CHICAGO, November 17, 2009 - As the 121st meeting of the National Association of Regulatory Utility Commissioners kicked off Tuesday, the usual presentations on energy efficiency, commodities and electrical grid jiggering couldn’t match the drama and dilemma surrounding a topic that didn’t even exist a few decades ago: the future of broadband, and broadband stimulus money in particular.
That’s a $7.2 billion question—that number representing the amount of money federal agencies can deploy before September 2010. And the good news coming from three key federal players is that the money will start coming to states as soon as early next month, with grants rolling out through early 2010.
The first rounds dished out by the National Telecommunications and Information Administration (NTIA) and the U.S. Rural Utilities Service (RUS) won’t nearly match the demand, though. With 2,200 applications on file, Washington would need many times the available funding. “It’s just stunning the creativity and industriousness in these proposals,” said Lawrence Strickling, NTIA’s director. “It’s sad we don’t have the money to fund them all; we were oversubscribed seven times.”
The good news is that the NTIA and RUS have a request for information (RFI) out, with a November 30 deadline, as it seeks input from states to tweak and streamline the application process. This marks a prelude to second round of funding that would include a longer application window before funds must be distributed by September 2010.
Of the $2.5 billion available to the RUS, loans to applicants would allow some leveraging, said Jonathan Adelstein, RUS administrator. “We can leverage it up to $7 billion or $9 billion; whatever we use for loans we can leverage up to 14 to 1,” he said. “We want to use that money to service the more rural and difficult-to-reach areas.”
The RUS oversees quite a large footprint; 72 percent of the United States is rural land mass. Quite a bit of that represents underserved or unserved area, and Adelstein said his agency is doing all it can to get his funds out, also starting in early December.
The time crunch has meant viewing funding and loan applications at breakneck speed, and Adelstein told about 200 attendees “you can help us with the map, to flag the areas that are truly unserved or underserved.”
In reviewing its 2,200 applications, the NTIA has certain hoops that must be cleared by those hoping to get that broadband money. In terms of the middle mile paradigm, “We’re finding it’s very important that communities have high-speed fiber, and that [public and private] institutions are able to subscribe to this fiber,” Strickling said. For example, applicants who know, and can demonstrate, that a private hospital had $30,000 to branch into a fiber-optic trunk have gone the extra mile in impressing the NTIA. We’d like to see that applicants have dealt with that on the front end. We have a higher degree of confidence when we see that.”
Second is sustainability; “Is the project going to be there in five years? Part of that is seeing how reliable the numbers are,” Strickling said.
In a move that likely deflected criticism and tough questions, Strickling and Adelstein acknowledged that the application process needed reform and streamlining—and that this remained an ongoing priority, as shown in the current RFI.

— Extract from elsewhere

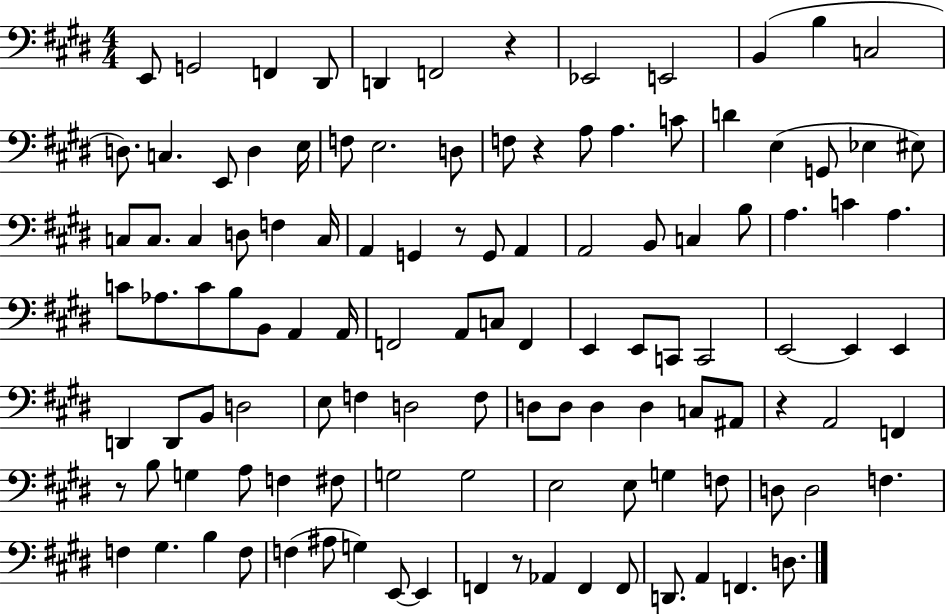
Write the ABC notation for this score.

Both men urged attendees to keep their eye on the big picture, and what the broadband stimulus funds could accomplish. “This is such an extraordinary opportunity,” Adelstein said. “The whole time I was [a commissioner] on the FCC, I was talking about doing this, and here we are. We can’t let the rural areas fall behind. We’ve got to get it out there.”
That theme was echoed by Illinois Gov. Pat Quinn, who anchored Tuesday’s opening meeting by touting his state’s ongoing efforts to achieve broadband parity between rural areas and the city—and efforts to bring health care and public safety information sharing into the 21st Century and beyond.
A longtime advocate for citizens in the utilities sector, Quinn took over from impeached Gov. Rod Blagojevich in February, making a forceful turn in state policy regarding broadband policy and implementation.
Tipping his hat to fellow Illinois politician—President Barack Obama—Quinn said: “It’s time to take the ideas and visions of his campaign and turn them into reality. That’s why I’m impressed with the federal stimulus bill; it provides a lot of money for broadband initiatives.”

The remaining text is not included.